Michael Keaton’s conflicted interest in the Batman movies

Actor Michael Keaton might be best known to certain generations for playing the caped crusader Batman in the late 1980s and early 1990s, famously starring in Batman and Batman Returns, both directed by Tim Burton, who had previously cast Keaton in Beetlejuice. The movies would become some of the most memorable Batman efforts until the mid-2000s when Christopher Nolan’s Dark Night trilogy arrived.

Back when Keaton was promoting the film Birdman, he once suggested that he had no interest in any of the Batman films, certainly not those directed by Christopher Nolan nor those starring Ben Affleck in the role that Keaton had once famously played. There is certainly an air of bitterness to the proceeding words.

The actor told Entertainment Weekly: “Chris Nolan is great, but I’ve never seen any of the Batman movies all the way through. I know they’re good. I just have zero interest in those kinds of movies. I mean, people are asking me, ‘Is Ben Affleck going to be any good?’ And my attitude is, ‘First of all, why would you ask me?'”

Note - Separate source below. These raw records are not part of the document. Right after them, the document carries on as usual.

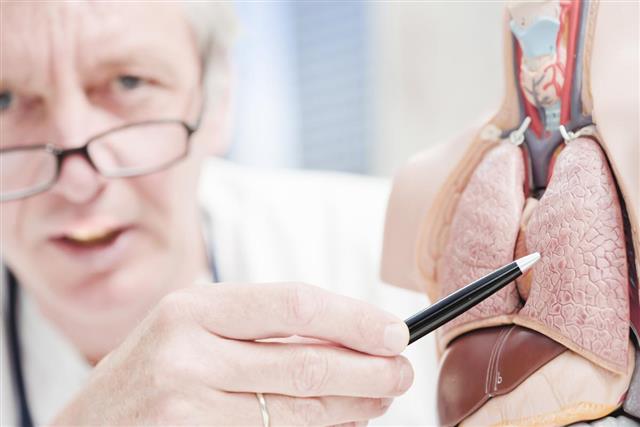 Doctor pointing at lung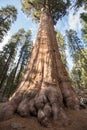 Sequoia National Park Royalty Free Stock Photo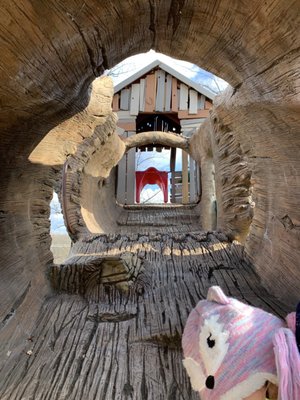 WALKER MILL REGIONAL PARK - Updated January 2025 - 126 Photos - 8840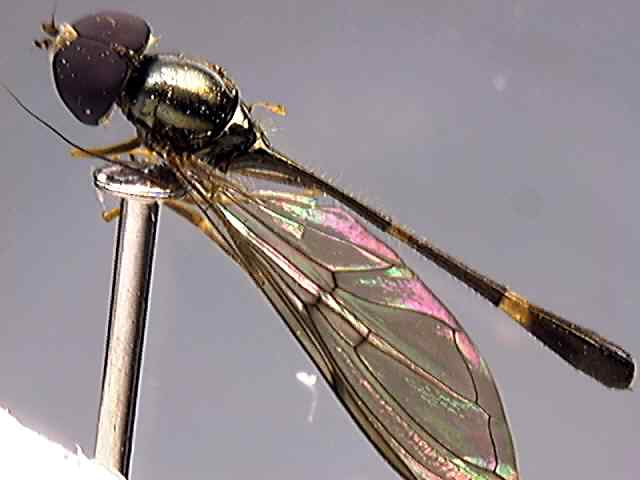 Baccha obscuripennis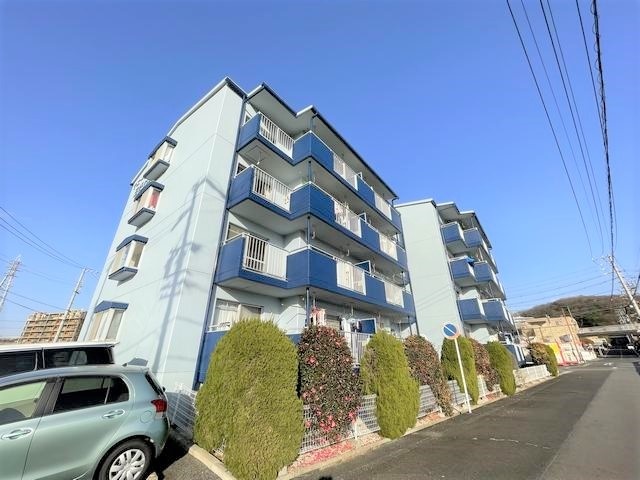 ���S�L�c���@�����w�i�k��24���j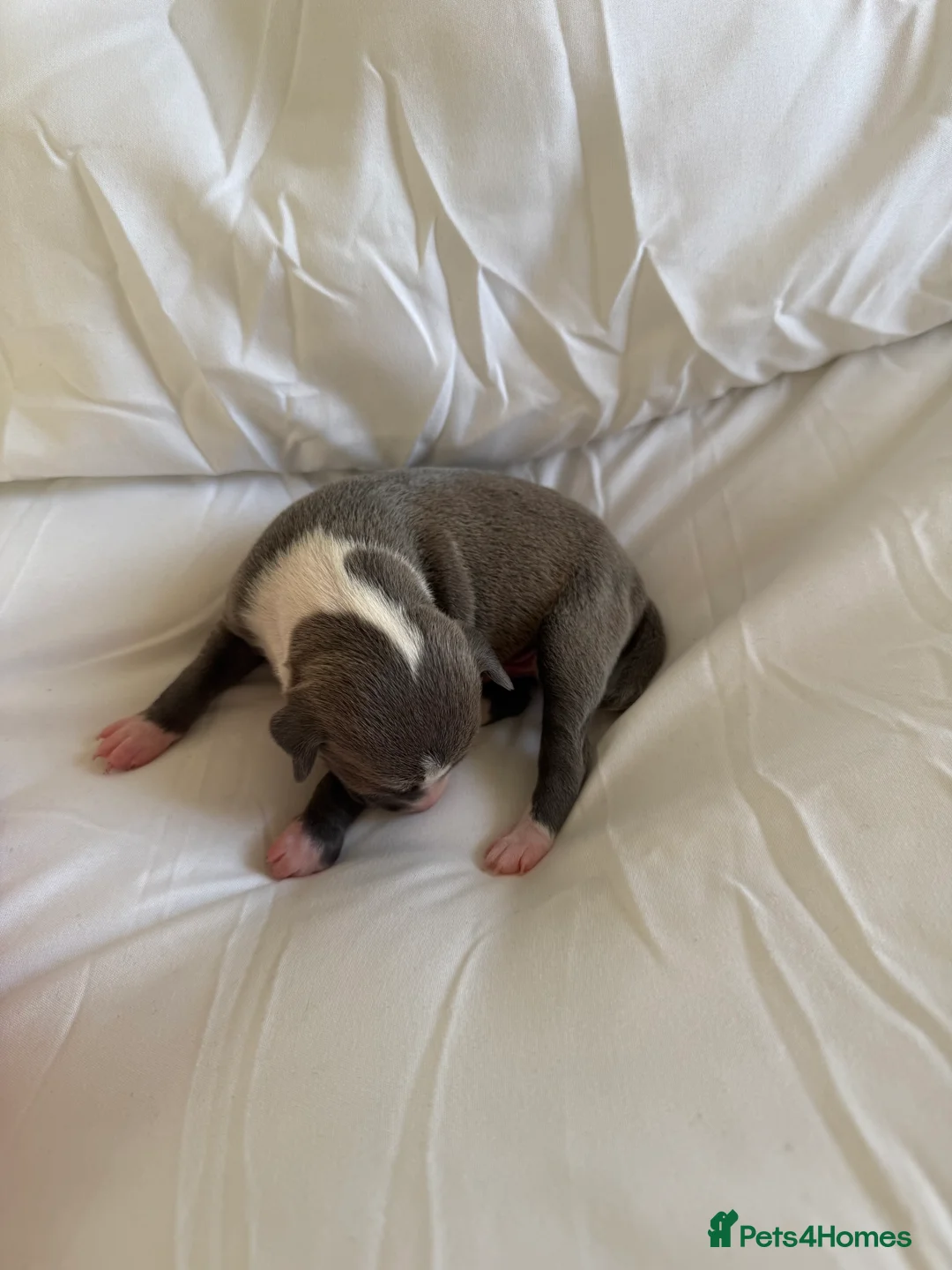 Italian Greyhound dogs for sale: 2 LEFT KC Italian greyhound puppies  - Advert 24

Keaton continued: “Second, he’s probably going to be very good, and third, frankly, it’s all set up now so that you’re weirdly kind of safe. Once you get in those suits, they really know what to do with you. It was hard then; it ain’t that hard now.”

Of course, now Keaton has once again reprised his Batman role in the recent film The Flash. So there’s certainly a sense of the actor not caring one jot about Batman unless he himself is playing the character. Keaton can’t seem to find it within himself to give the due praise that Ben Affleck and certainly Christian Bale deserve for playing the famous hero.

Rather, Keaton is keen to stress that playing Batman is now far easier than it ever was. But just tell that to Bale, who went to excruciating physical lengths to make sure he was in peak shape to defend Gotham City over three separate movies. And that was wedged in the middle of a number of films that saw Bale change his body shape dramatically for different roles.

We can certainly assume that Keaton is perhaps a touch bitter over the fact that Bale and Nolan have drawn widespread acclaim for their Dark Knight films, while his own Batman movies have seemingly faded into obscurity, save for those that are old enough to remember them fondly.